Então, a guerra fria atingiu o auge nos anos 1970. E as duas superpotências resolveram assinar o Tratado de Não Proliferação de Armas Nucleares. A República da China havia sido fundada por Mao Tse Tung em 1949. Entre 1980-90, os chineses realizaram profunda transformação econômica. Sob a gestão de Deng Xiaoping (1904-97). O regime chinês continuou comunista. Mas absorveu investimentos privados de países ocidentais. Fórmula utilitária conhecida como “um regime e dois sistemas”.
A longevidade da ordem vestfaliana deve-se ao respeito à soberania de cada país; à inviolabilidade das fronteiras nacionais; e ao fortalecimento do direito internacional. Essa ordem exauriu-se. No epitáfio, consta uma assinatura: Donald Trump. Ele implodiu o multilateralismo: ignorou acordos internacionais; desacreditou o sistema legal norte-americano; deflagrou o tarifaço.
A geopolítica vai substituir o antigo ordenamento. O conceito geopolítico se baseia nos blocos econômicos: União Europeia - UE, BRICS e Mercosul. A UE opera desde os anos 50 do século passado. E tem suporte militar da OTAN. O BRICS, hoje, já atingiu PIB total de US$ 24 trilhões superior, ao dos EUA. E o Mercosul tem chance de complementar negócios na Europa e na América Latina.
Geopolítica, a nova ordem mundial, nasce com opções concretas. Diante da desordem e do clima de desconfiança produzidos pela Casa Branca. A forma abrupta como os americanos trataram velhos parceiros comerciais enseja janelas de oportunidade. Provocadas pela elevada tarifação fixada unilateralmente no Salão Oval.
O Brasil tem capacidade de superar tal cenário áspero. Primeiro, porque as exportações brasileiras para os EUA alcançam apenas 12% do total exportado.

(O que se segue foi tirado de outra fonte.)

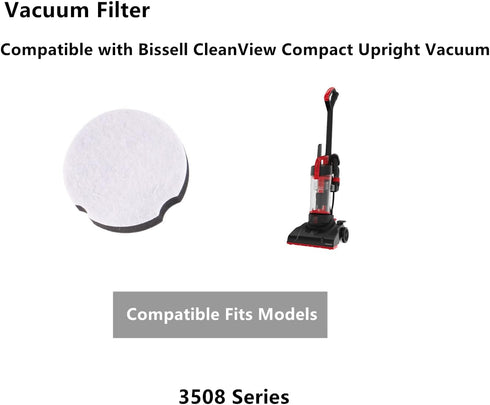 Replacement Filters for Bissell CleanView Compact Upright Vacuum - Part 1604896, Fits Models 3508, 2-Pack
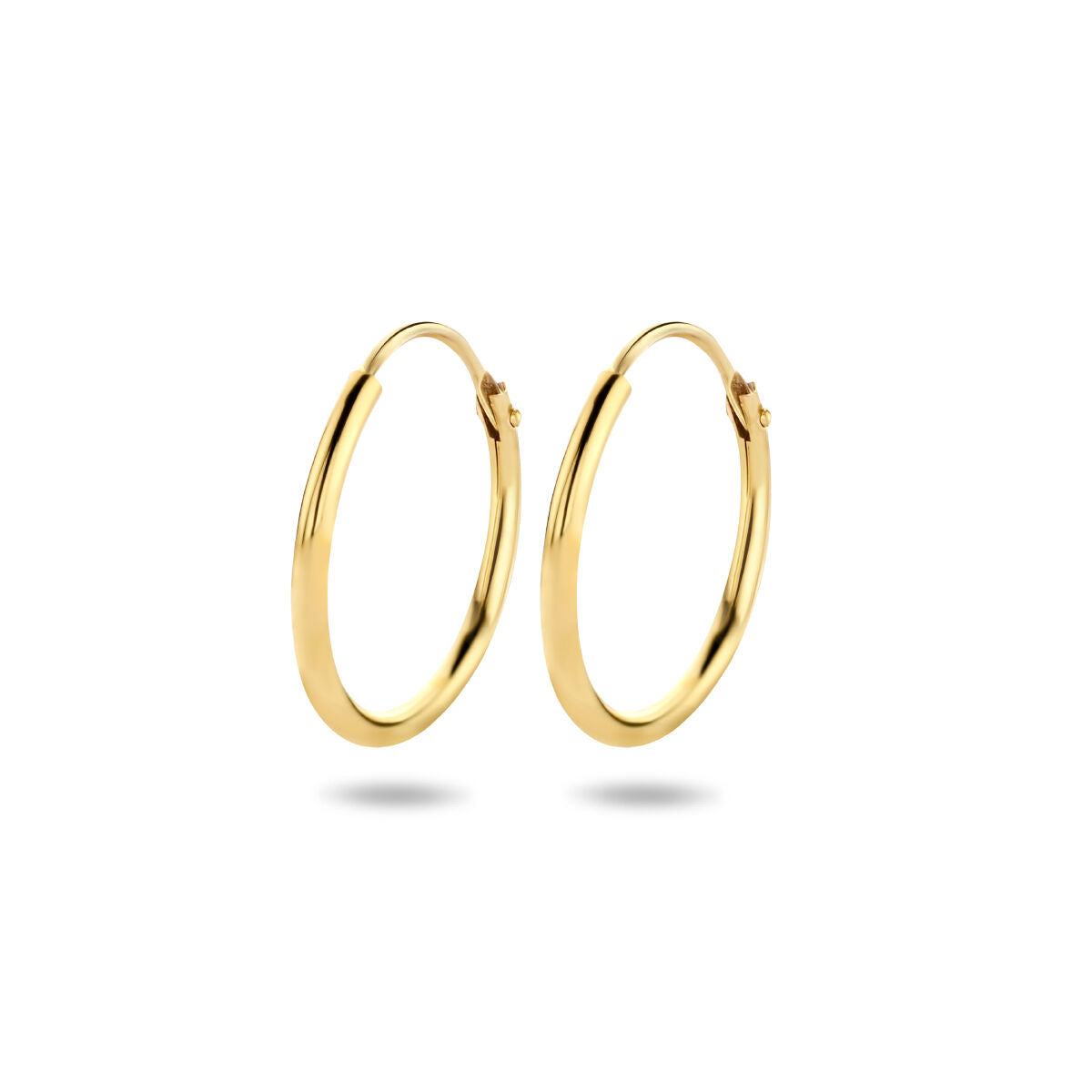Oorringen 1,3 mm ronde buis 14k geelgoud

Em segundo lugar, porque a tarifa média que o Brasil impõe às importações estrangeiras está acima dos valores praticados mundialmente. Por causa da força política da FIESP. Para proteger a indústria paulista. Está na hora de baixar as tarifas aplicadas aos produtos vindos do exterior. Para dar maior competitividade aos produtos brasileiros.
Agora, é preciso adotar visão estratégica diante do tarifaço. Modulando a ação do Brasil no curto e no médio prazo. No curto prazo, apoiando as empresas a ajustarem a operação de seus negócios no exterior. No médio prazo, definindo novos espaços comerciais. No contexto dos blocos econômicos que serão os filtros de negócios.
O mundo contemporâneo está fragmentado em guerras. Falta ao plano decisório uma grande liderança moral. Que inspire coragem para estabelecer horizontes. O que se passa nos EUA é uma tragédia americana. A propósito, lembro de notável poeta nascido no Missouri, em 1888, chamado Thomas Stearns Eliot. Num dos coros de seu poema, A Rocha, ele indaga: “Onde está a sabedoria que perdemos no conhecimento?”. A soberba engoliu a trilha civilizatória.